Task requirements:
Everything from the line containing "Case XX Vintage" through the line containing "Tablas Creek Esprit" should be repeated exactly, and nothing else from the data.

[Input for this task Boundary: Start]

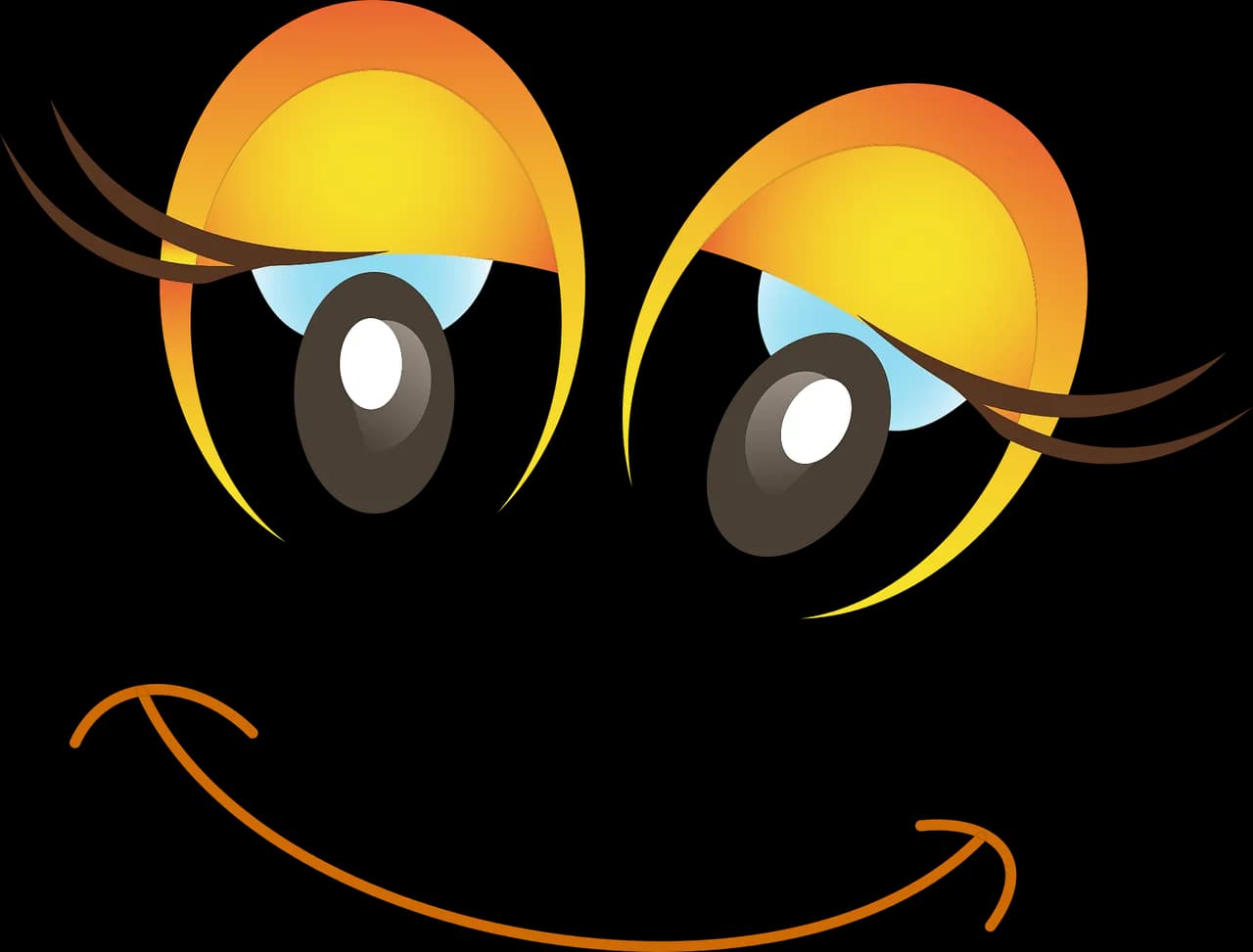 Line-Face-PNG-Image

[Input for this task Boundary: End]
[Input for this task Boundary: Start]

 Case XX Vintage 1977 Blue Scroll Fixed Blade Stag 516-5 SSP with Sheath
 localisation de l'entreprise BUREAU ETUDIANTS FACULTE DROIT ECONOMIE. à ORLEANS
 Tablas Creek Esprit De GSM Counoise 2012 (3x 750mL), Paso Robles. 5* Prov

[Input for this task Boundary: End]
[Input for this task Boundary: Start]

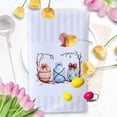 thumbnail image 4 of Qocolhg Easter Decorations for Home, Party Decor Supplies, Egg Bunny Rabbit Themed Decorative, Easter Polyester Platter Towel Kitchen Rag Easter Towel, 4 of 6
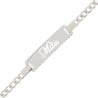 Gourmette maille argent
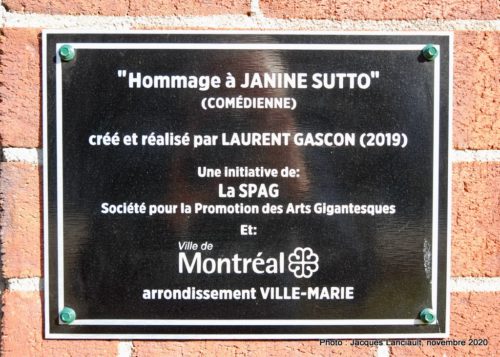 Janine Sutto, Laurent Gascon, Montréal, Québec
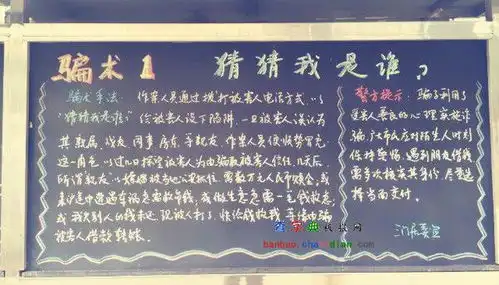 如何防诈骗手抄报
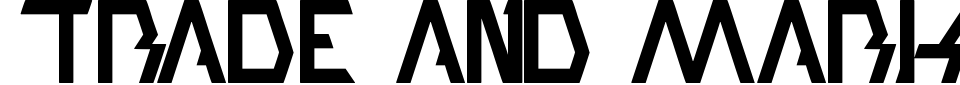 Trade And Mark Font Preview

[Input for this task Boundary: End]

Expected answer:
 Case XX Vintage 1977 Blue Scroll Fixed Blade Stag 516-5 SSP with Sheath
 localisation de l'entreprise BUREAU ETUDIANTS FACULTE DROIT ECONOMIE. à ORLEANS
 Tablas Creek Esprit De GSM Counoise 2012 (3x 750mL), Paso Robles. 5* Prov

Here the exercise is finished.